Агриппина, одной рукой придерживала ситцевое платье, цепляющееся за коряги, а другой взяла сына за руку и помогла ему перебраться на паром. Пока вредная бабушка Софья отсчитывала мелочь, завязанную в носовой платок, паромщик сунул мальчику в карман штанов конфетку, заговорщицки улыбнувшись. Ивашка сглотнул от страха, боясь быть наказанным. Но никто не увидел этой передачи.
Мальчик озирался по сторонам: он первый раз переправлялся на другой берег. Было и страшно, и радостно на душе. Ивашка пытался поймать взгляд мамы и бабушки, но те застыли в одной позе, смотря в сторону берега. Восхищение от увиденного сменилось тоской, казалось, что даже вокруг стало вмиг темнее, хотя на небе не было ни облачка. Уткнувшись себе под ноги, он вздыхал, пока паром не приткнулся к берегу.
– Сынок, пойдем, – вырвав из раздумий, зазвучал голос над ухом.
– Спасибо, – бабушка Софья ссыпала в ладонь паромщика несколько мелких монет. – Через два часа будем, дождитесь нас.
– Угу, – промолвил старичок и натянул берет на глаза. – Как раз посплю немного.
До церквушки было недалеко, но детские ножки все время оступались и спотыкались о дорожные камни.
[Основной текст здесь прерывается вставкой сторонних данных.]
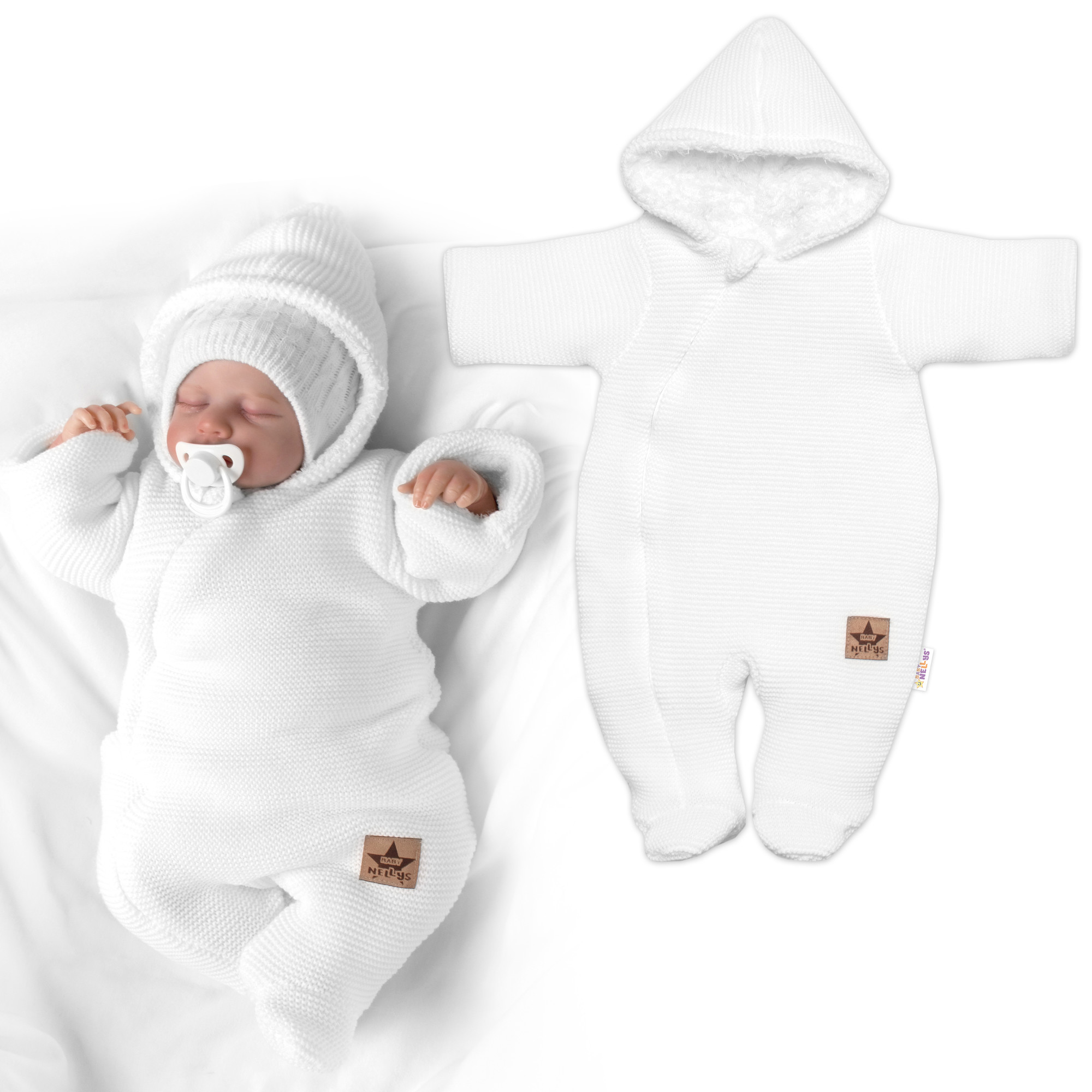 Baby Nellys Zimní pletená kombinézka/overálek s kapucí bílá Baby Nellys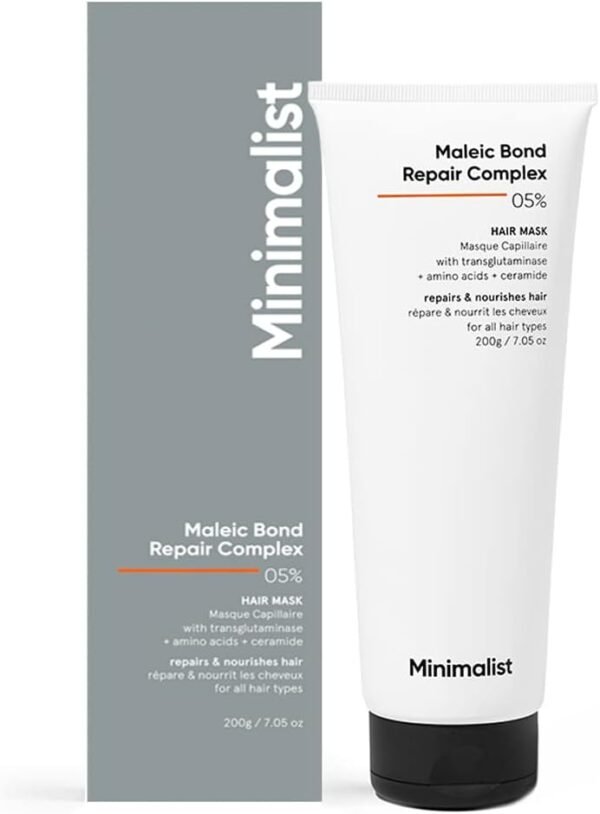 Minimalist Maleic Bond Repair Complex 5% Hair Mask with Transglutaminase, Amino Acids & Ceramides | For Damaged & Frizzy Hair | For Women & Men | For All Hair Types | 200 gm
Подгоняемый женщинами, Ивашка считал шаги, но постоянно сбивался. Потом он поднял глаза и решил, что с березами будет проще:
– Раз, два, три, четыре…
Он плелся позади, бормоча под нос. Когда количество перечисленных деревьев перешло за сто, мальчик запнулся и остановился. Но у бабушки будто глаза были на затылке. Она вмиг сделала замечание, что Ивашка всех тормозит, а у них важное дело. Какое это дело – мальчику было неизвестно. Что вчера вечером, что сегодня с утра бабушка Софья и мама о чем-то шептались как заговорщики.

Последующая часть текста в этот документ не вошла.